Former Duke University business professor Edward Graham says despite significant reform in some areas, the chaebols are still too big and too powerful. The new South Korean president has promised to crack down on the practices of the chaebol. This week the government said it is investigating possible illegal securities transactions by the chaebol.
At the time of the 1997 crisis, the biggest conglomerates or industrial holding companies were Hyundai, Samsung, Daewoo, L.G., and S.K. In 1999 Daewoo was permitted to fail or go bankrupt, with its auto manufacturing assets being sold off. South Korea's financial crisis occurred when the central bank was unable to stand behind the short-term debts of the chaebols, which had expanded aggressively and piled up a huge volume of debt.
Mr. Graham says the finances of the remaining chaebols are still questionable. He says South Korea's industrial economy is still lacking in transparency. Off balance sheet operations similar to those which contributed to the collapse of the Enron energy trading company in Texas are common in South Korea.

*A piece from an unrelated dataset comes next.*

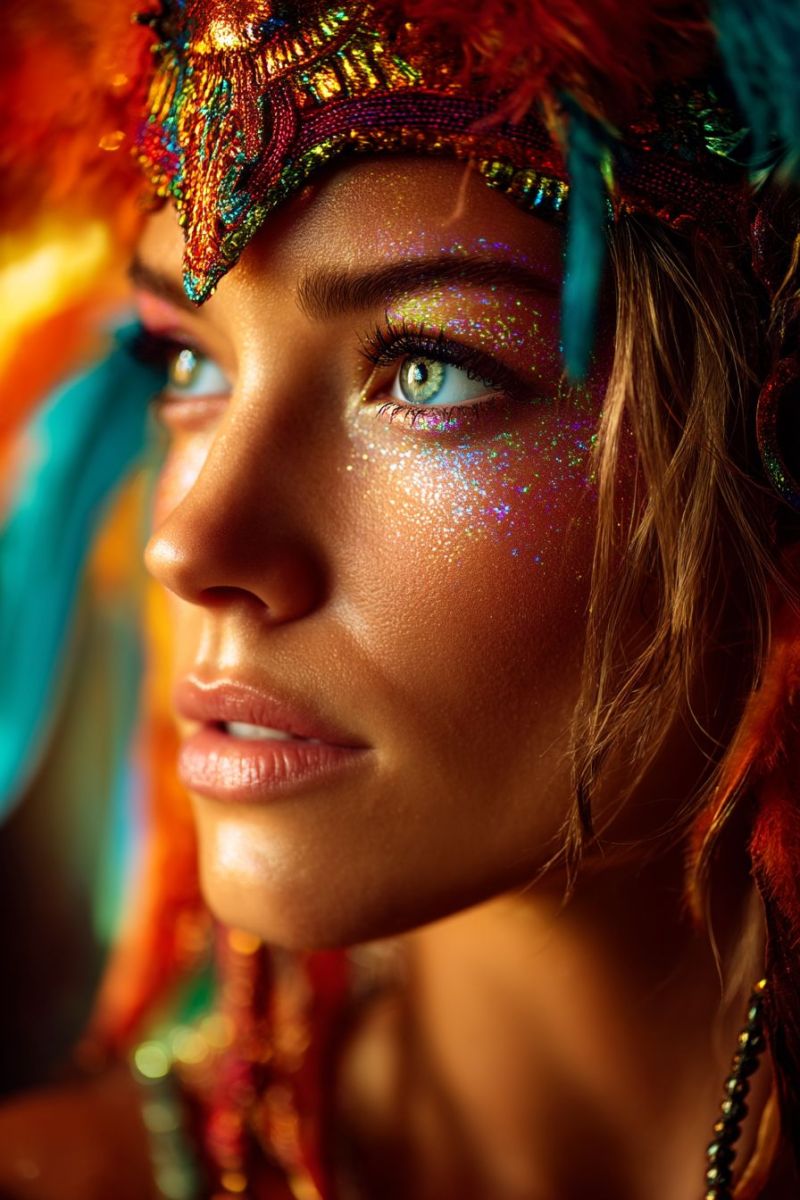 Woman makeup glamour beauty eye eyelash eyeshadow eyeliner lipstick jewelry necklace earring headband feathers lip gloss A close-up portrait of a woman with striking features. She has a vibrant, colorful headdress adorned with feathers and intricate designs, primarily in red, green, and blue hues. Her face is dusted with glitter, particularly around her eyes, which are a captivating shade of green. Her lips are subtly painted, and her skin has a smooth, glowing complexion. The background is blurred, focusing attention on her expressive face and elaborate headpiece.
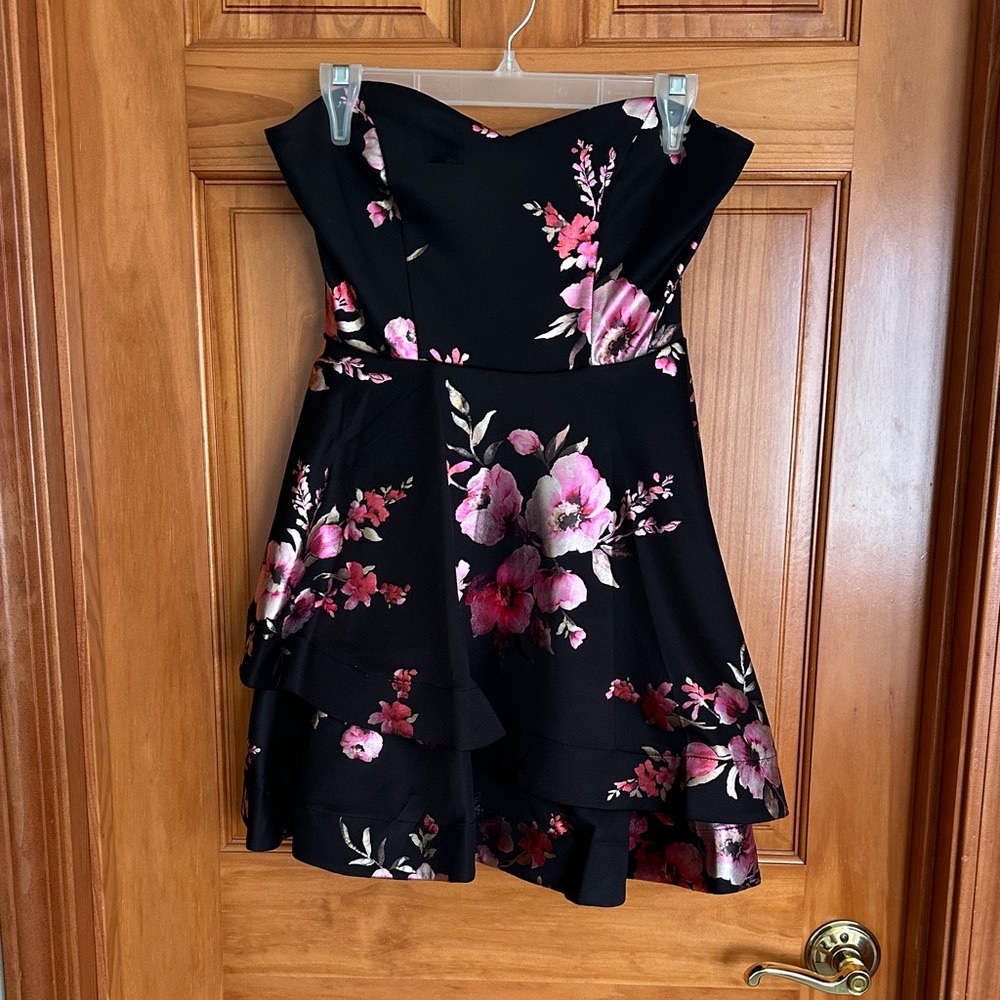 B Darlin Strapless Black and Pink Floral Juniors Dress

Mr. Graham says it may be a good idea to break up the chaebols. He says South Korea still has a relatively weak financial system and the reforms that have been made are only half-complete. He says it is not true that South Korea has followed the Chinese example and fully opened its previously closed economy to foreign direct investment. Mr. Graham says while there was some opening in the aftermath of the crisis, foreign investment has recently leveled off at relatively low levels.
South Korea's economy registered stunning economic growth rates in the 1980s and early 1990s. Ten percent annual growth was not unusual. After the crisis, the economy contracted by 8 percent in 1998 but growth resumed by 1999.